Her mother hummed in response, clearly distracted.

  "I, uh, have to go. Thalia needs me to help her do laundry." Odessa lied.

"Alright. Bye."

"Bye."

  That's how their conversations went lately. Short and anticlimactic.

  It's not like Odessa and her mother didn't get along. They had their perfect mother-daughter moments, most of which happened when she saw still young.

But now, dynamics had shifted. It felt like Jeannie Greene called her daughter every few weeks purely out of obligation, rather than genuine care and concern. Odessa envied the conversations Thalia had with her mother, which were always hours long and full of laughter.

  Aunt Tia would be the one to visit them and bring food to make sure they weren't eating cup noodles and RedBull's all week.

  All though, in some ways, Odessa preferred her mothers' infrequent communication. It made it less likely that she'd find out the truth.
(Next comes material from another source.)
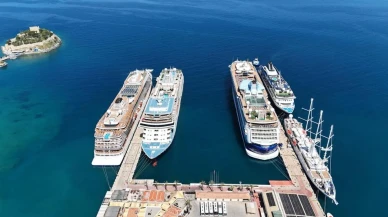 Kuşadası’na aynı anda 5 kruvaziyer demirledi: İlçeye toplam 4 bin 902 turist geldi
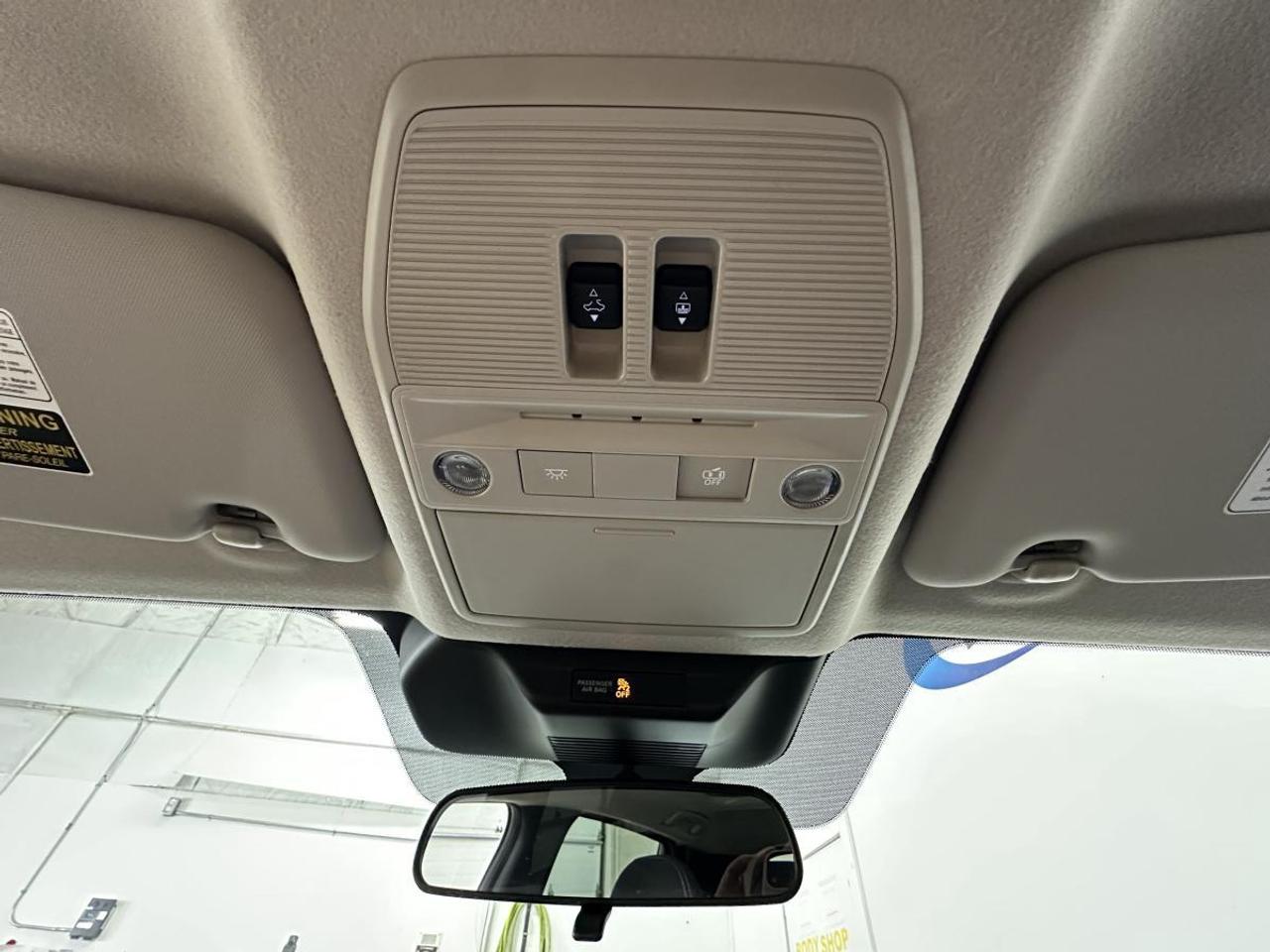 2025 Nissan Kicks SV - PREMIUM/AWD/PANO/DIRECT OFF 1 OWNER LEASE Photo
  There were no clinicals. One out of those two days a week, she told her mom she was at some hospital practicing taking people's blood pressure, she was modeling in the nude for art classes. And when she wasn't doing that, she was working on a 15-page research paper.

  Odessa was grateful for the quiet weekends that allowed her to get some coursework done.  Her building, though not densely populated, wasn't always the quietest. There were four thin-walled apartments, all of which were filled with at least one stressed college students each. Odessa was used to the constant background noise by now.

  The ever-present hum of music and the all too frequent screech of the fire alarm. These apartments were too small to boil water in without the fire department being called in. At this point, Odessa found it cozy and almost couldn't focus if she wasn't crowded with distractions.

Odessa leaned back, rubbing her eyes against the glare of her laptop screen, opting instead to pick up her sketchbook. It was almost ironic how little she drew recreationally now and when she did, it wasn't even because she wanted to. Sometimes she felt she had to, just to get an itch out of her system that she couldn't quite place.

  Quite honestly, she didn't like her art as much anymore. Not like she used to. She preferred other people's art. It meant something to her because she could make up a story in her mind about the piece. If she wasn't the artist, there was no definite meaning behind it, so she had the freedom to make up a meaning. But if she was the artist, she knew the meaning, the time it took to make it, the colors she had used, the brushes she'd ruined, the pencils she'd broken. She knew everything about the piece so there was nothing to be surprised by, nothing to ponder on or have an opinion about.